Recent findings from a bushfire recovery project report should not provide anything new to experienced forest scientists and land managers. One exception is the changing language.

For example, the “epicormic buds” under the eucalypt bark, are now referred to as “recovery buds” by the 21st century academic experts.

Do our conservation experts have that much difficulty in understanding longstanding descriptions of plant parts?

In the conclusion, among other things, the report claims the best chance for post fire forest recovery combines a number of strategies including: “(2) do not disturb burnt areas any further (see also Report No 4 of this Bushfire Fact series [];” As Report No. 4 has not yet been published on the website, we will have to wait to see what new information they come up with to support this conclusion.
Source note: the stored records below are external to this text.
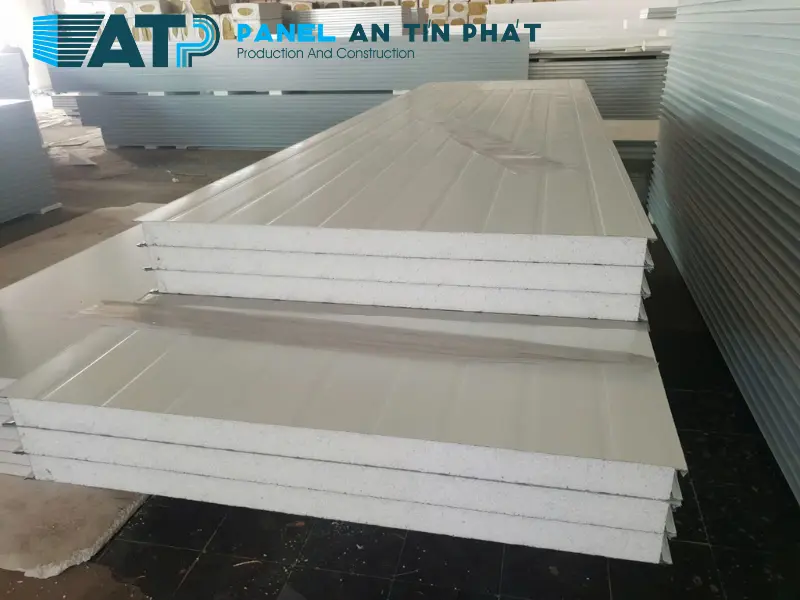 panel EPS làm văn phòng nhà xưởng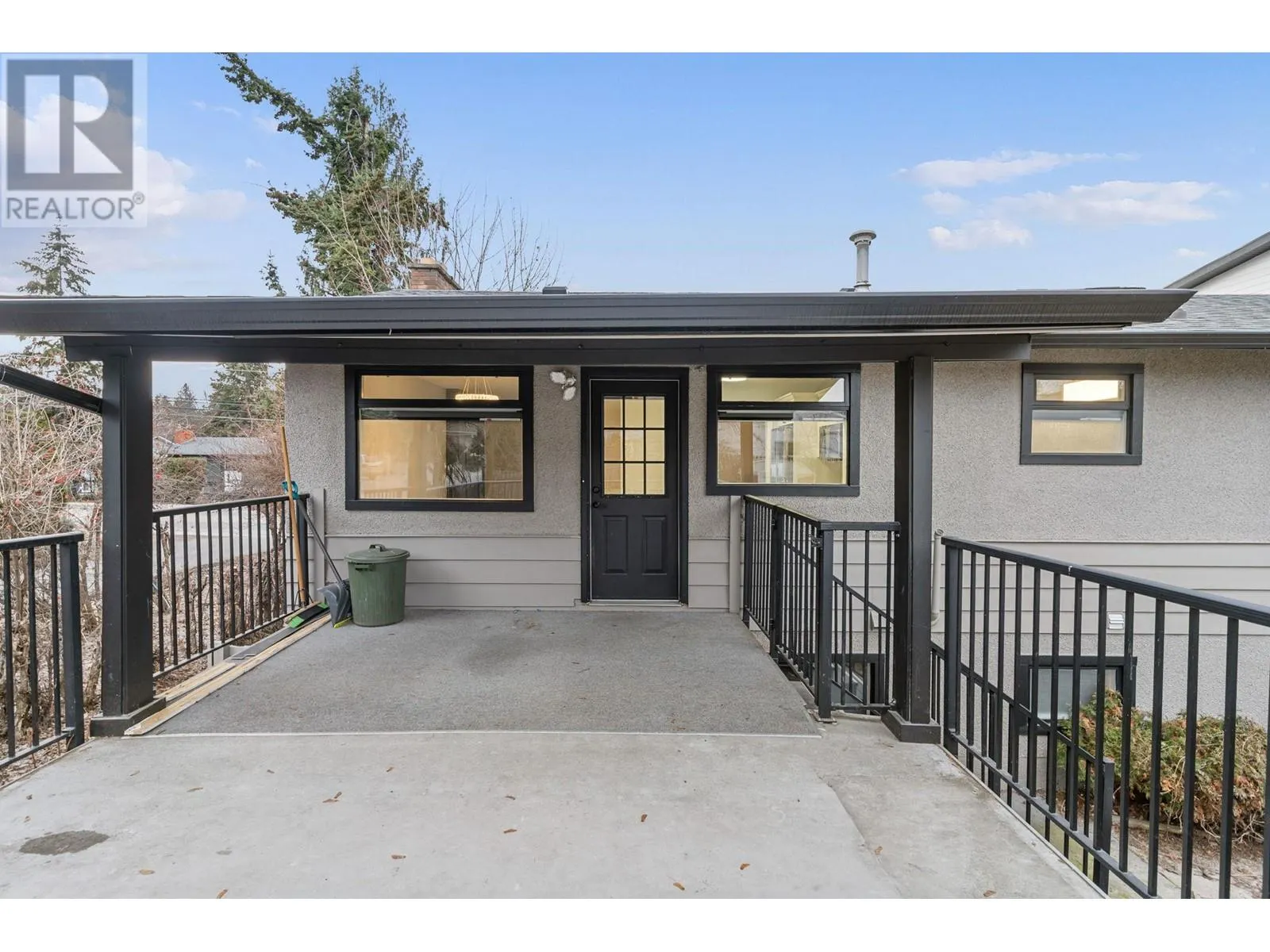 4611 Gordon Drive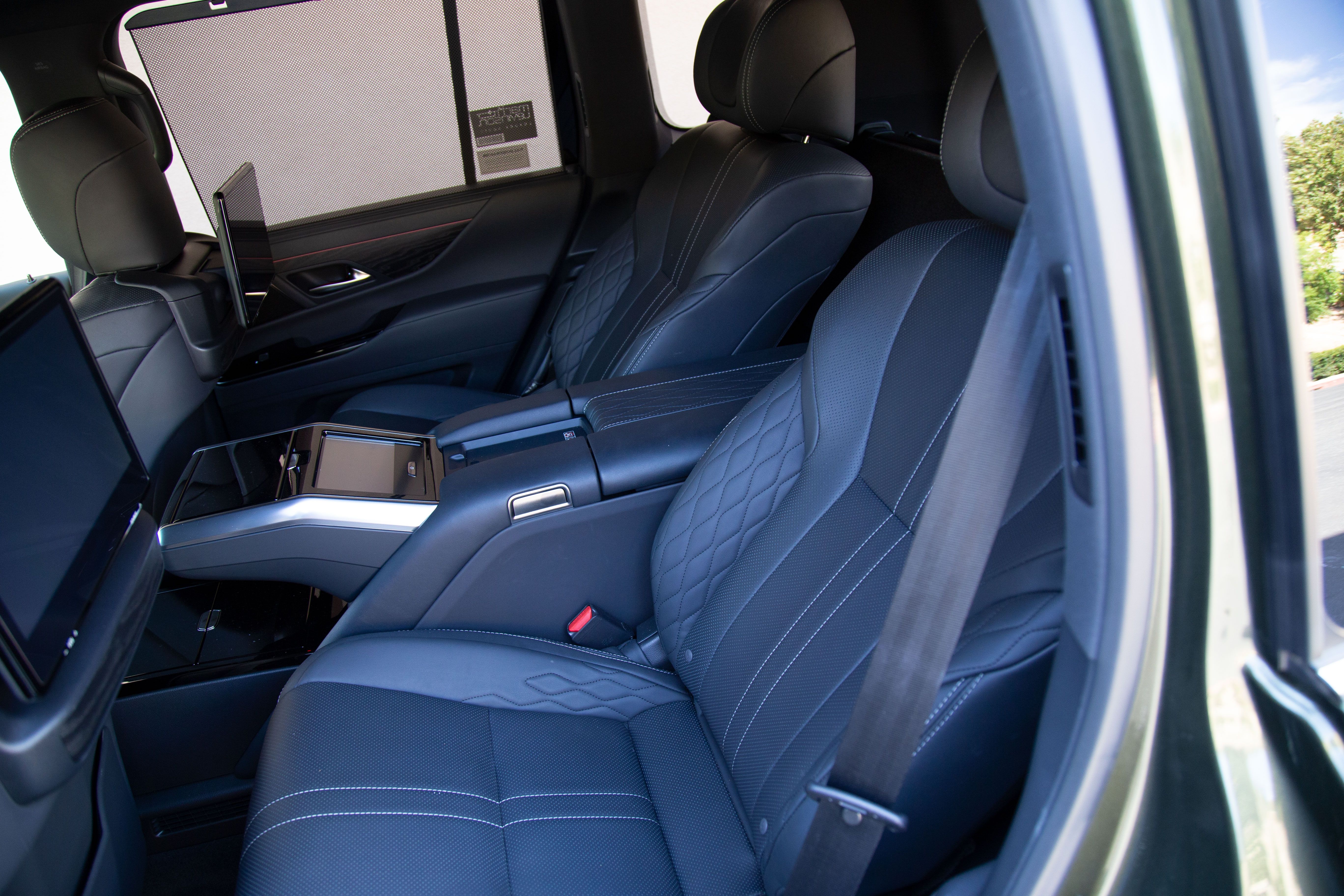 Задние сиденья Lexus LX 600 Ultra Premium 2022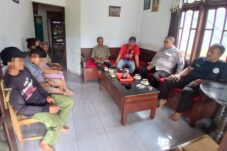 Tak terima Dipukul Pakai Sapu, Seorang Anak Adukan Ibu Sendiri ke Layanan 110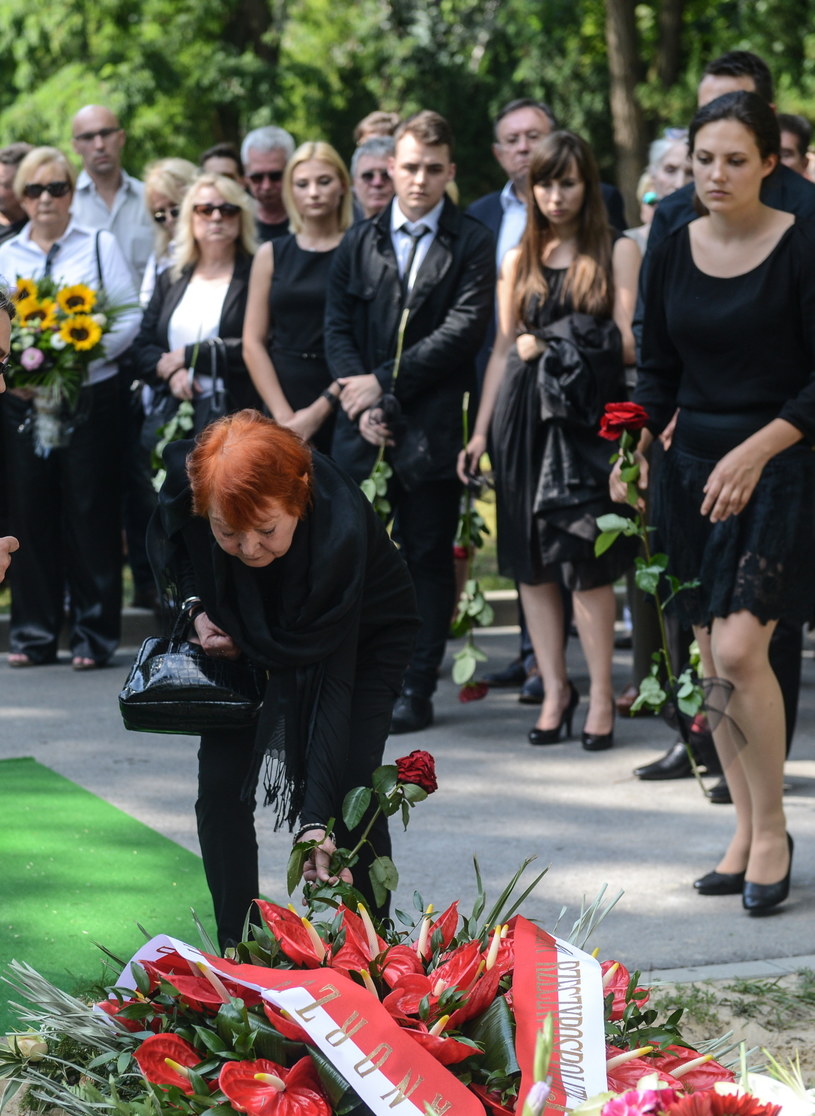 Iga Cembrzyńska podczas pogrzebu reżysera Andrzeja Kondratiuka /Jakub Kamiński   /PAP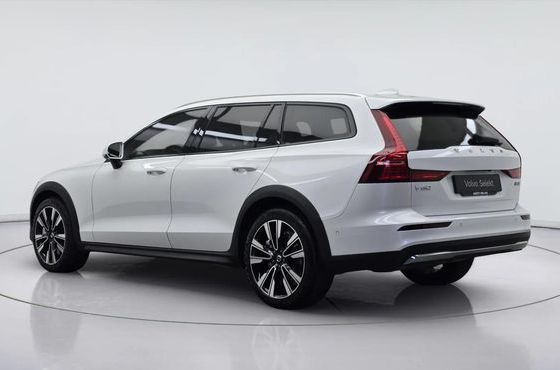 Volvo V60 B5 Ultra AWD — пробег 10 773 км — фото 4 из 5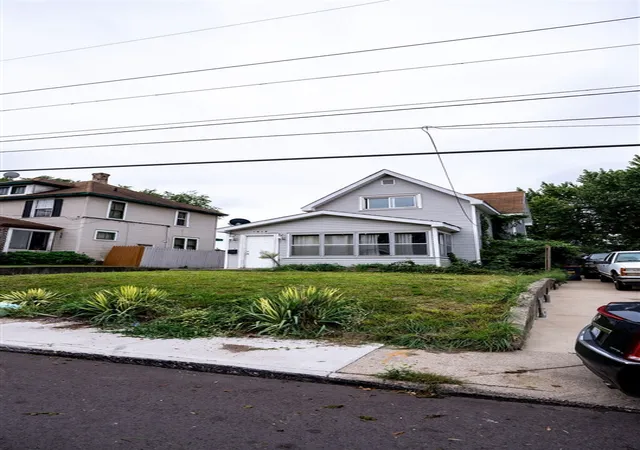 Photo 1 of Single family home for sale at 1919 Stafford Ave, Grand Rapids, MI 49507 | MLS# 70557120 | Listing updated on 2026-09-15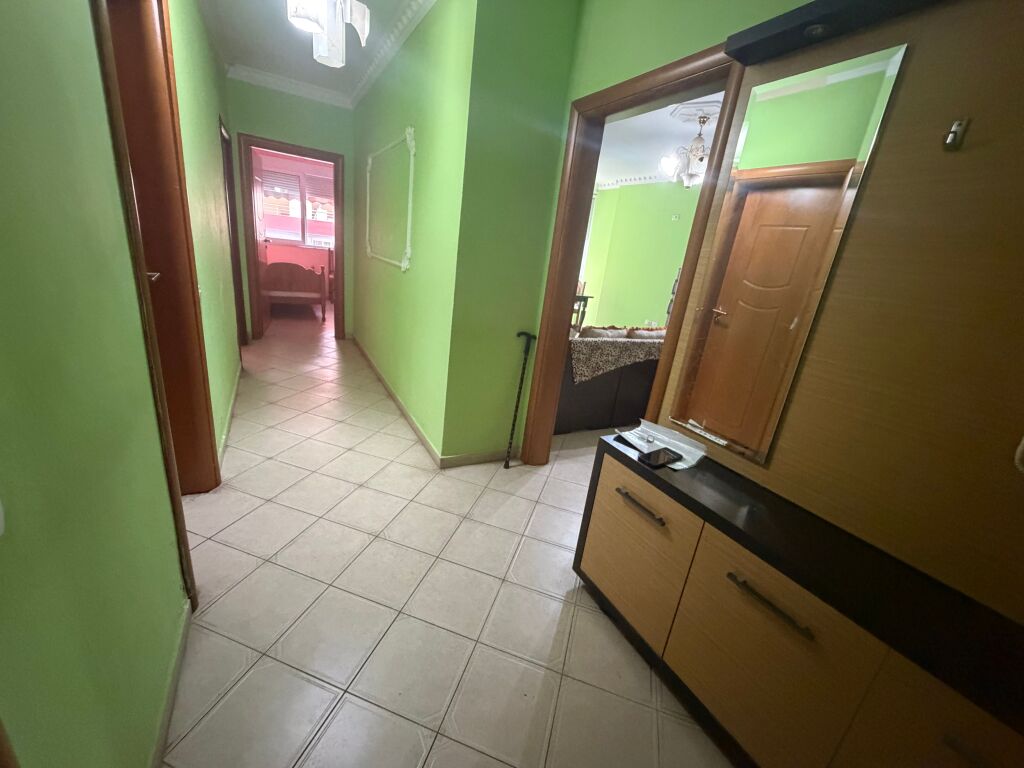2+1, te artisti ne astir, 450 mije leke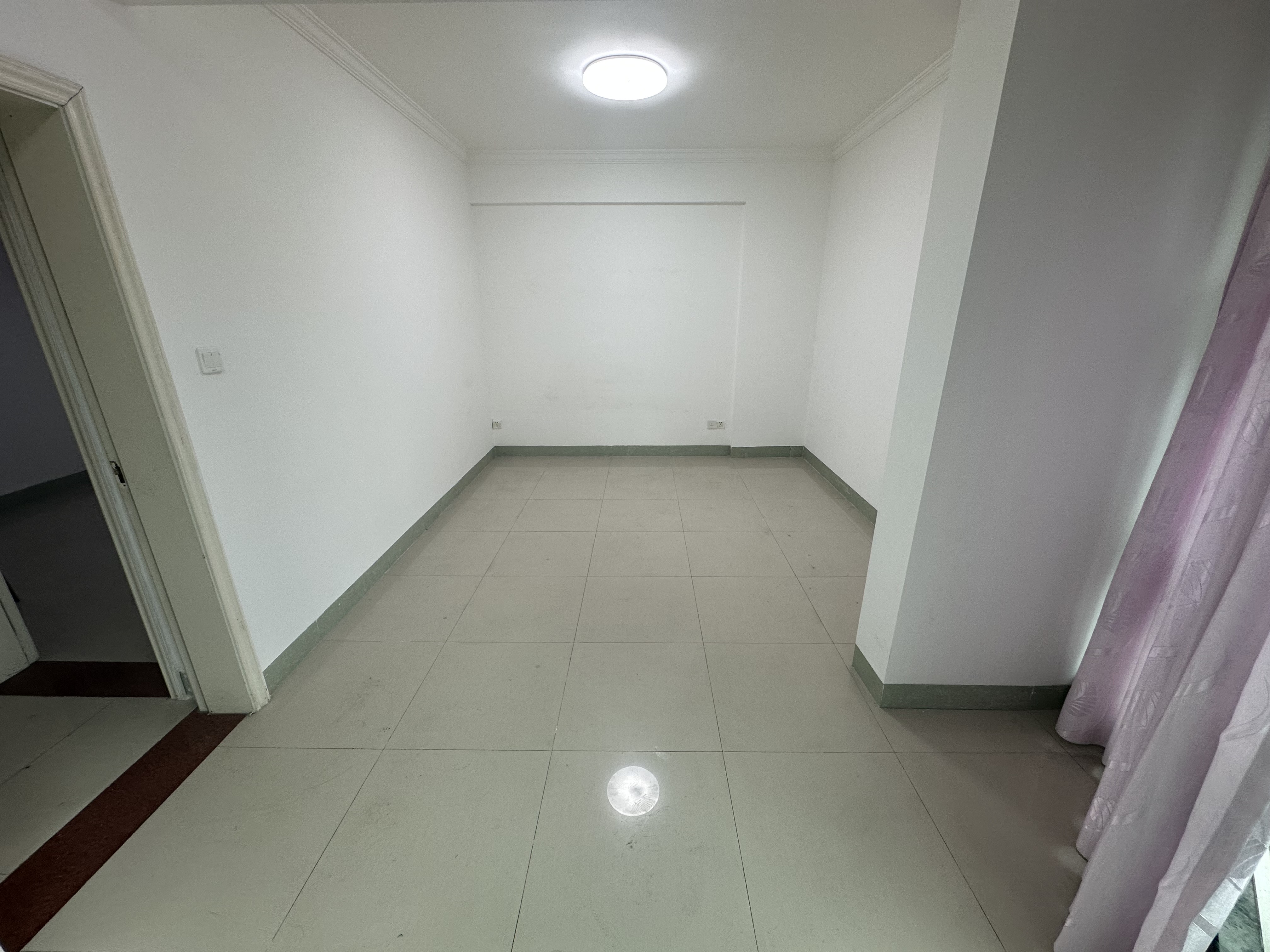 富豪大厦(富豪花园) 3室1厅1卫 2300.0元/月 富豪大厦(富豪花园) 3室1厅1卫 2300.0元/月室内图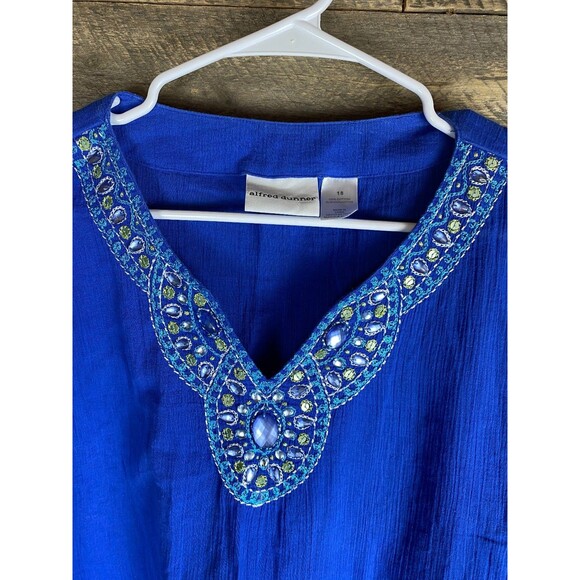 Alfred Dunner Women's Plus Sz 18 Blue Cotton Embroidered Embellished V-Neck Top - Picture 3 of 12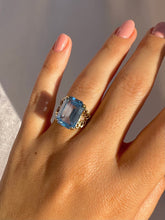 Load image into Gallery viewer, Vintage 9k Topaz Coil Ring 1976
SETA questions this conclusion, as less regulated post high intensity fire salvage harvesting has been undertaken for more than 80 years. The biodiversity outcomes don’t seem to have been adversely affected.

For example, former areas of Nadgee State Forest south of Eden NSW were heavily salvaged after a high intensity fire killed mature Silvertop Ash and severely damaged other mature eucalypt species in December 1972. These salvaged areas were again burnt in November 1980.

The salvage areas were added to Nadgee Nature Reserve and in September 1994, these areas became part of the 13,775 hectare, Nadgee Wilderness. The Nadgee Wilderness now forms part of the 25,900 hectare, Nadgee (NSW)-Howe (Vic) Wilderness Area.

A section of the Howe Wilderness Area was subject to extensive “seed tree” system harvesting in the latter 1970s as well as some intense wildfire events. Yet both areas are purported “to be the best representation of pre- European coastal vegetation in south eastern Australia (Parks Victoria website 2013).”

While the report supports the NSW EPA and activist charity positions on eliminating native forest harvest on public land, the broader information does beg several questions.

Is the NSW EPA being reasonable in its approach to post fire harvesting on the NSW north and south coasts?

Is development of our conservation reserve system based on a wilderness myth, where changing land tenure, not conservation management is the only driving force?

Peter Rutherford is spokesperson for South East Timber Association (SETA) and is a well-respected forestry scientist of 40 years standing.